1. Menurut madzhab Hanafi

Tidur di dalam masjid itu hukumnya makruh, kecuali bagi musafir dan orang yang sedang beri’tikaf.

Dan, apabila ada seseorang yang hendak tidur di masjid, namun sebelum itu ia berniat untuk beri’tikaf dan melakukan ketaatan di dalamnya, maka tidak ada larangan baginya untuk tidur di dalam masjid setelah itu.

2. Menurut madzhab Asy-Syafi’i

Tidur di dalam masjid itu tidak dimakruhkan, kecuali tidurnya akan mengganggu orang lain yang hendak beribadah.
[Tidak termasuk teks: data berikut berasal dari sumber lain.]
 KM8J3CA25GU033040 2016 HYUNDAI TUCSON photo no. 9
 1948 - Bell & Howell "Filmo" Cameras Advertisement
Misalnya jika orang yang tidur itu mengeluarkan suara dengkuran yang cukup keras.

3. Menurut madzhab Hambali

Tidur di dalam masjid itu dibolehkan bagi orang yang beri’tikaf dan juga yang lainnya, asalkan ia tidak tidur di hadapan orang-orang yang akan melaksanakan shalat, sebab melakukan shalat di depan orang yang sedang tidur hukumnya makruh.

Dan para jamaah shalat berhak untuk membangunkan orang yang tidur itu jika ia tertidur di bagian depan masjid.

4.        Menurut madzhab Maliki:

Tidur di dalam masjid itu dibolehkan asal pada siang hari, sedangkan untuk malam hari hanya dibolehkan jika masjid tersebut berada di pedesaan dan tidak diperkotaan, karena dimakruhkan untuk tidur di dalamnya bagi para tuna wisma atau orang yang kemalaman di jalan.

Adapun jika masjid dijadikan sebagai tempat tinggal, maka hal itu tidak dibolehkan, kecuali bagi seseorang yang memang berniat untuk mengabdikan dirinya di dalam masjid untuk beribadah.

Namun khusus untuk kaum pria saja, sedangkan untuk kaum perempuan tetap tidak dibolehkan.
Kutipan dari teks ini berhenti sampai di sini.